A House of Manifestos

by Megan Merchant

image @ihor_malytskyi

image @ihor_malytskyi

 

We use the fattest books to smash spiders, then open to page 49 and read.
Anything can be bible, but I sleep with the book of How to Survive Worst
Case Scenarios under my bed, a baggie of dry wall screws, and duct tape
to hold us together. One article explains that you may feel more scattered
than normal, unable to focus. I close my eyes, and see the spread of Northern
Lights as hearts taped to neighbor’s windows. This too is trauma response.
Before she died, my mother made lists on yellow legal pads, so she would
not forget how to operate the small machinery of her life. They feathered
her cabinets and counters, heavily taped. How many times I’ve been told
that a poem is simply the right words in the right order. I add eye bolts,
sifted flour, scissors, salt.


Megan Merchant lives in the tall pines of Prescott, AZ with her husband and two children.

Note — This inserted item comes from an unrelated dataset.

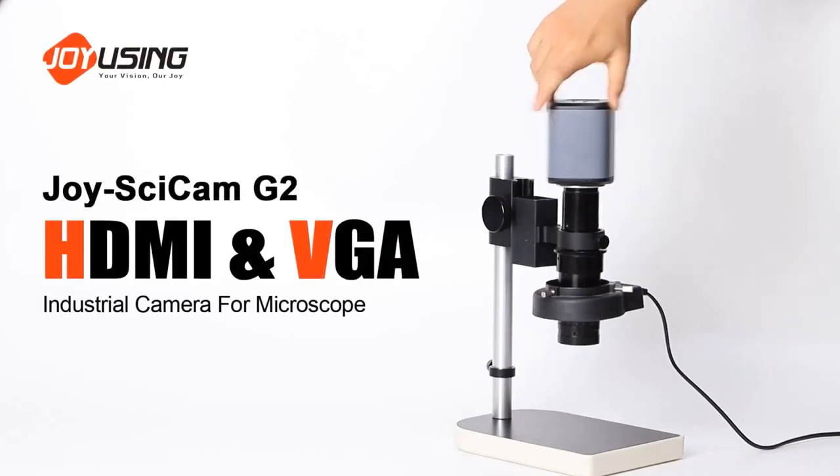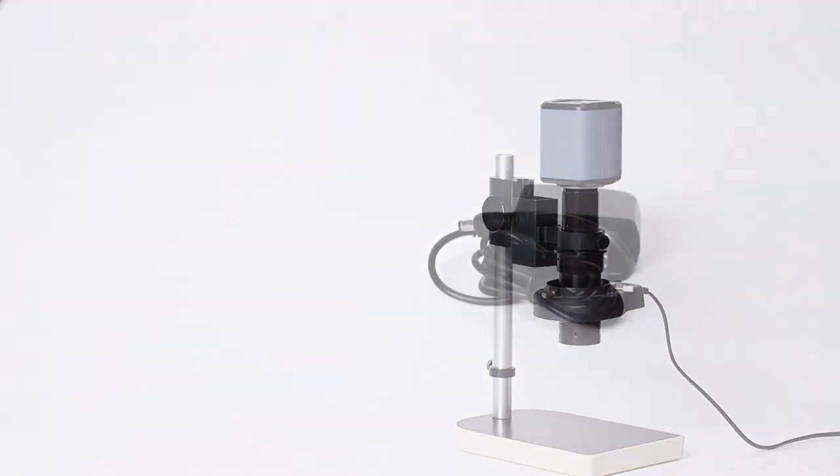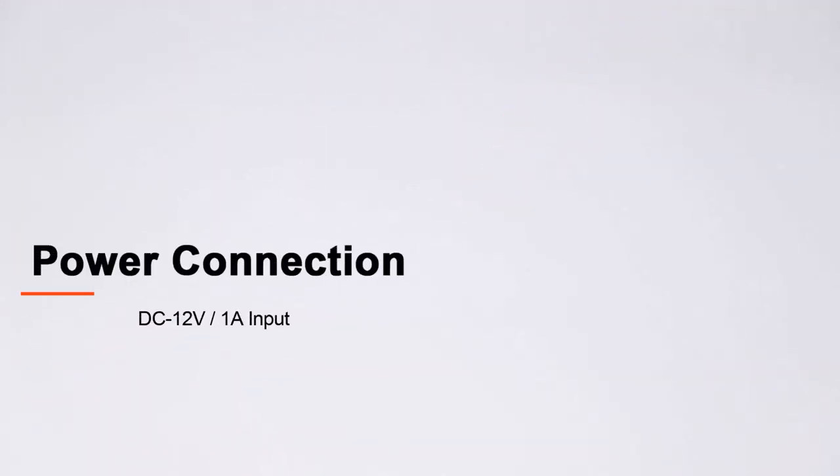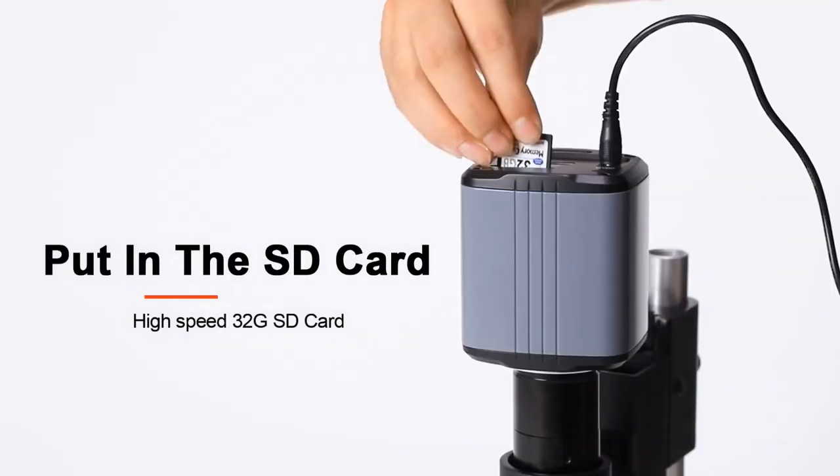Put the industrial camera onto the microscope and screw it tight. Then connect it to the power supply with the adapter and insert the high-speed SD card.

She holds an M.F.A. degree in International Creative Writing from UNLV and is the author of three full-length poetry collections with Glass Lyre Press: Gravel Ghosts (2016), The Dark’s Humming (2015 Lyrebird Award Winner, 2017), Grief Flowers (2018), four chapbooks, and a children’s book, These Words I Shaped for You (Philomel Books). Her latest book, Before the Fevered Snow, was released in April 2020 with Stillhouse Press. She was awarded the 2016-2017 COG Literary Award, judged by Juan Felipe Herrera, the 2018 Beullah Rose Poetry Prize, and most recently, second place in the Pablo Neruda Prize for Poetry. She is an Editor at Pirene’s Fountain and The Comstock Review. You can find her work at meganmerchant.wix.com/poet.